### RECORDS SHOWN

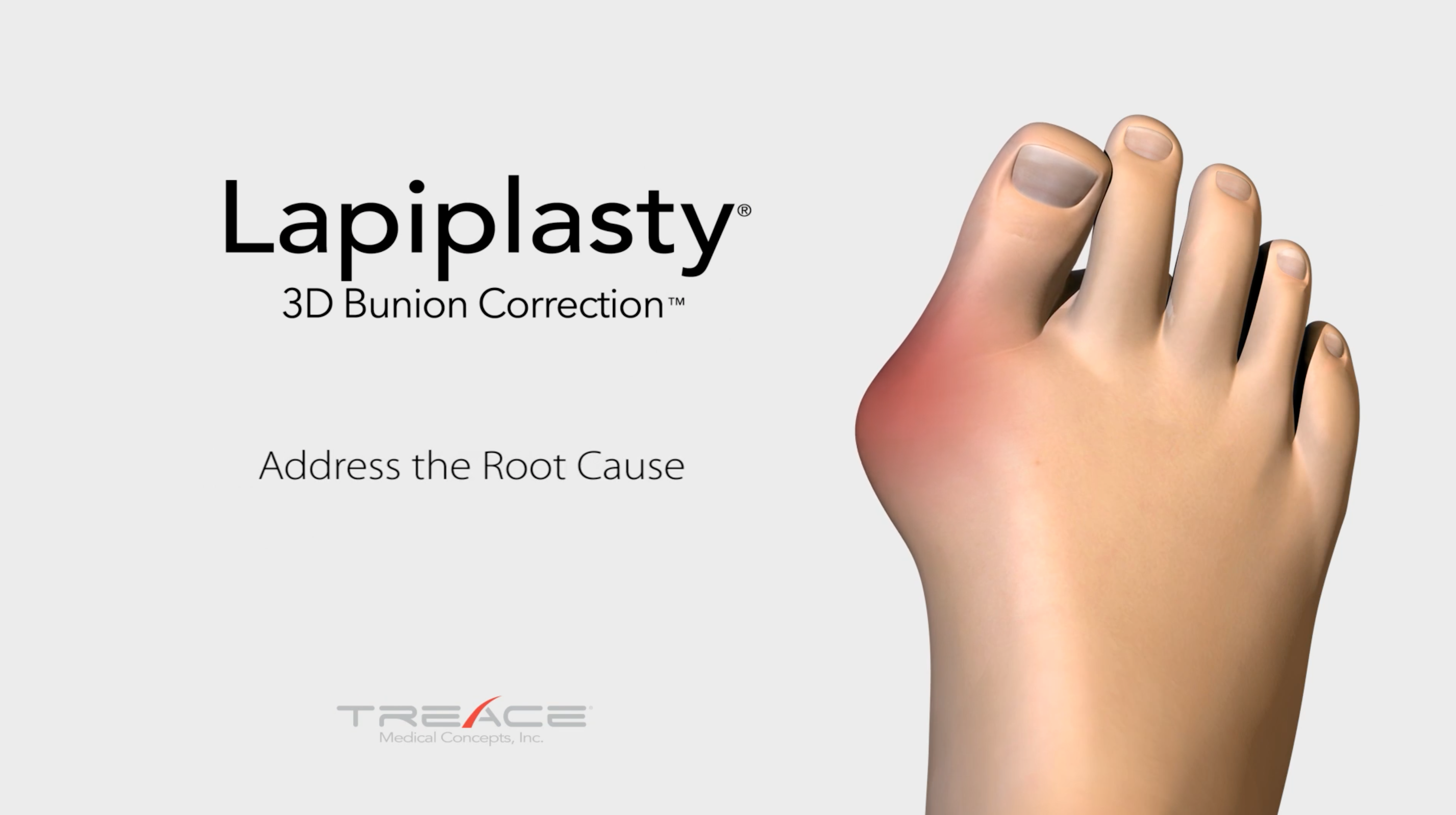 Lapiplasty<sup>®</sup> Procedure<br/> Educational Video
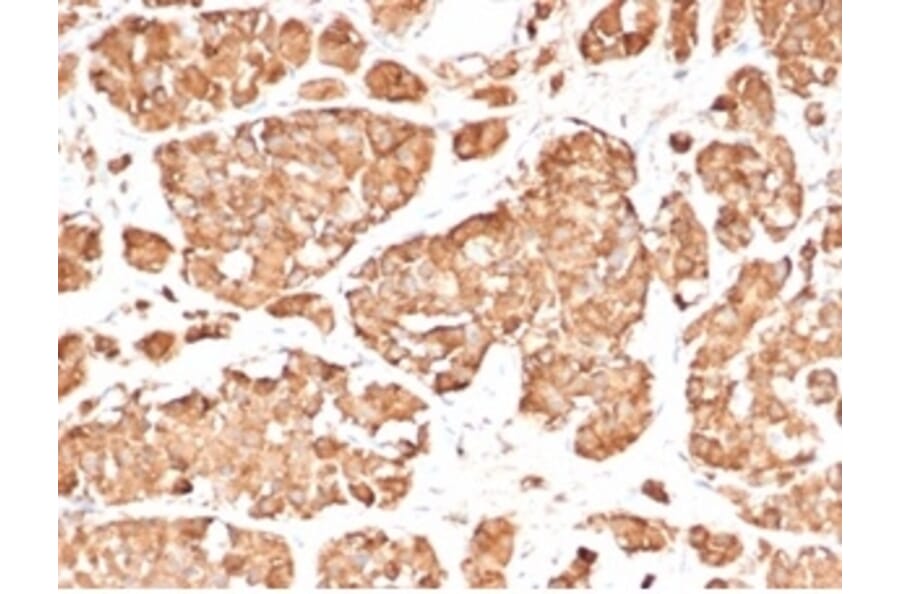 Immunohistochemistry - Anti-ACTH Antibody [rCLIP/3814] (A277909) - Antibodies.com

######
### RECORDS SHOWN

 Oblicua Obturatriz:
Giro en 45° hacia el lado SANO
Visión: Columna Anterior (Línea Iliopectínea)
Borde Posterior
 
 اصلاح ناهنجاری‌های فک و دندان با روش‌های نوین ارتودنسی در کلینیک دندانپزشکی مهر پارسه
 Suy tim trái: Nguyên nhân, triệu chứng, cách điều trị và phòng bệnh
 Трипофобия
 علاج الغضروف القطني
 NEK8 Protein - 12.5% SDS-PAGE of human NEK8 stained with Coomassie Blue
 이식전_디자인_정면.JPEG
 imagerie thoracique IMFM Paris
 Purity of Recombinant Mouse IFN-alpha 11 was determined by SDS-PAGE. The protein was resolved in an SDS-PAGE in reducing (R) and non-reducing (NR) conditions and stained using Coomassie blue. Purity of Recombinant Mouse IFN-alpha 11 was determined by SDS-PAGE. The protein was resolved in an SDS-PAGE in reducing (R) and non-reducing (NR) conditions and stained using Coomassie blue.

######

TRY IT:
Leaving out each picture, repeat exactly the lines above from the one that contains "Lapiplasty<sup>®</sup> Procedure<br/> Educational" through the one that contains "Immunohistochemistry - Anti-ACTH".

RESPONSE FOR THIS EXERCISE:
 Lapiplasty<sup>®</sup> Procedure<br/> Educational Video
 Immunohistochemistry - Anti-ACTH Antibody [rCLIP/3814] (A277909) - Antibodies.com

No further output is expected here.